The Youngest Players in the Room
Johnston’s thinking about mental health does not stop at the professional level. If anything, he seems most animated when the conversation turns to youth sports – to the kids who are still being formed by the games they play and the adults who coach them.
Johnston speaks from experience. There were things going on with him, he has acknowledged, that went unrecognized when he was young – symptoms or tendencies that might have been identified earlier if those around him had that language or the awareness to spot them. He does not convey this with bitterness, but with the clarity of someone who understands that earlier intervention changes outcomes.
“At a young age, you sometimes don’t even recognize it,” he said. “You don’t even know what’s going on with your body. You have so many hormones, so many emotions, so many different things.”
His prescription for youth sports is both practical and philosophically grounded. Coaches and parents, he said, need to educate themselves on the signs of anxiety and mental distress in young athletes – not to diagnose, but to notice, to ask, to open a door. But equally important, he says, is the broader question of how young athletes are being raised to relate to their sport in the first place.
“A lot of it is not putting too many eggs in one basket for a youth kid,”
He is direct about what he sees in youth baseball: kids who play nothing but baseball, whose identity is entirely bound up in one sport, who have no soft landing if and when that sport becomes a source of stress rather than joy. “Most of them will not make it to high school baseball, will not make it to college [baseball],” he says – not cruelly, but honestly. The kids who play multiple sports, who take vacations, who have interests and friendships that exist outside of any single game, are the ones who develop the psychological flexibility to handle competition without being consumed by it.
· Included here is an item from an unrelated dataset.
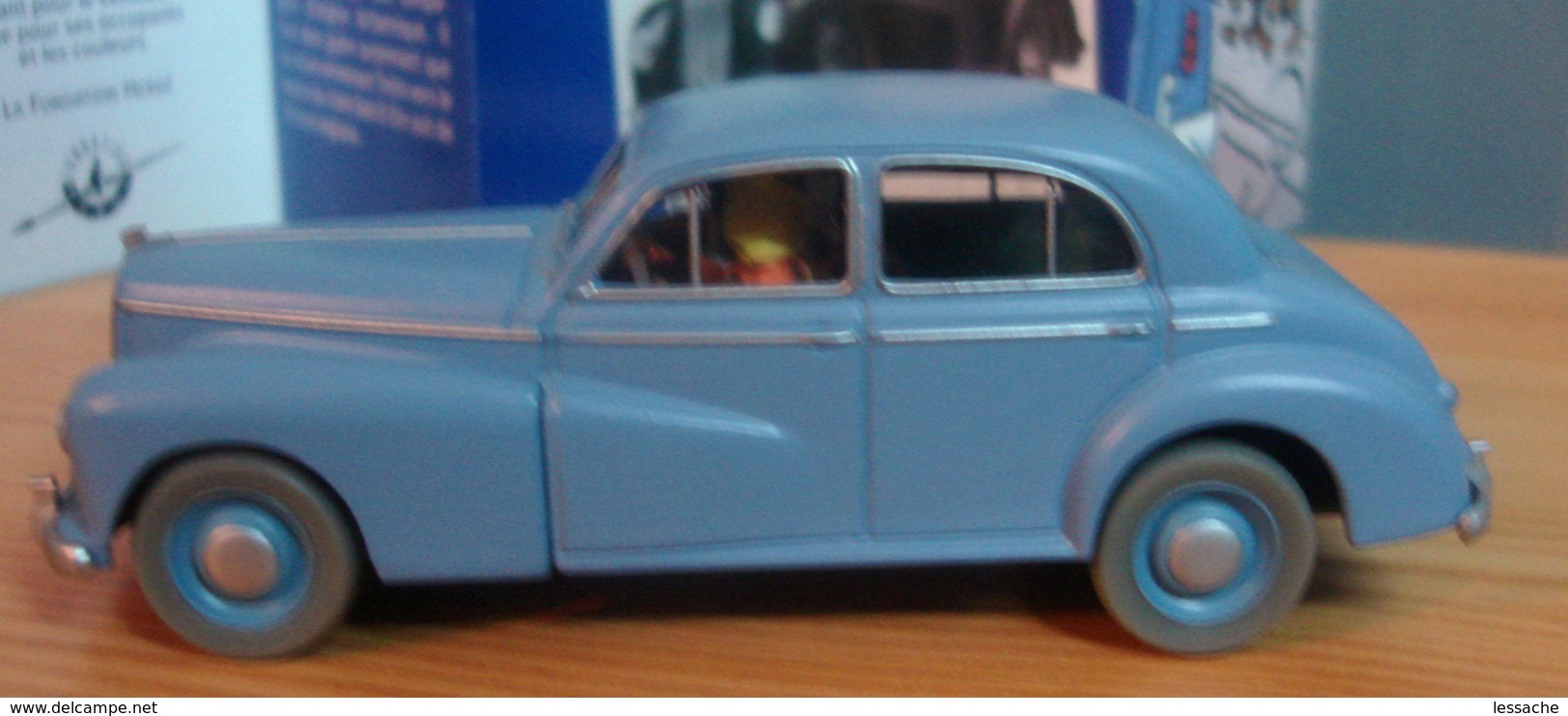 Voiture MORRIS SIX de 1948, 1/43 de Tintin au Pays de l'Or Noir, TINTIN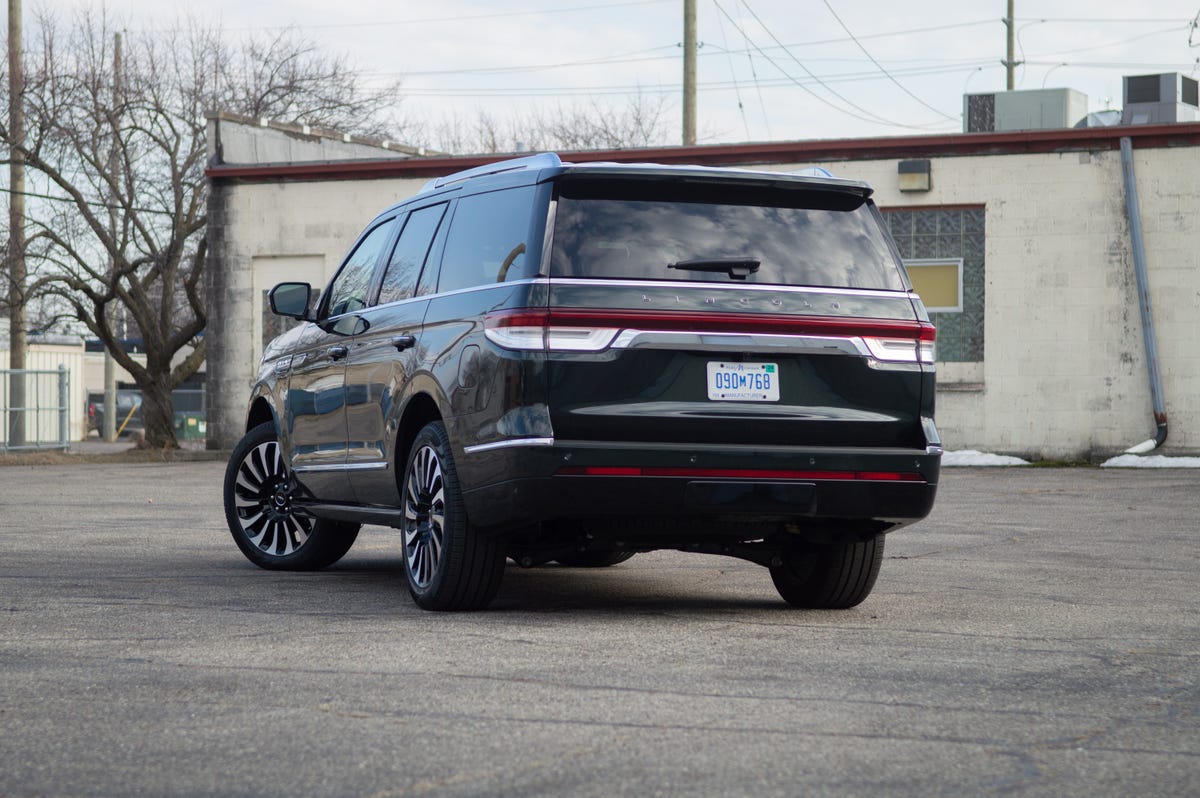2022 Lincoln Navigator rear one eighth, driver side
“If you’re out and you’re having fun with your friends, playing so many different sports and clubs and different activities, you become a more well-rounded person. It becomes a lot easier to play games, because that’s really what they are – they’re games.”
Still a Game
Troy Johnston knows better than most that baseball is not just a game. It is a livelihood, an identity, a dream. He spent years grinding towards it in towns where nobody was watching, doing the work in the hope that someday the phone would ring. That experience – the long road, the uncertainty, the grinding – does not disappear just because you’ve made it. In some ways, it intensifies.
But Johnston has found something that many athletes spend their careers searching for: a way to hold the weight of what he does without being crushed by it. It has come through honesty, through asking for help, through learning to breathe, through his daughter’s indifference to batting averages, through a clubhouse that makes it hard to be sad.
“It’s hard to be sad here,” he says, simply looking around the Rockies clubhouse. “But that anxiety does creep in every once in a while. You do have those negative thoughts. But when you lean on teammates, and you lean on that energy – it makes things a lot easier.”
The bricks are still there, sometimes. But he’s learned not to carry them alone.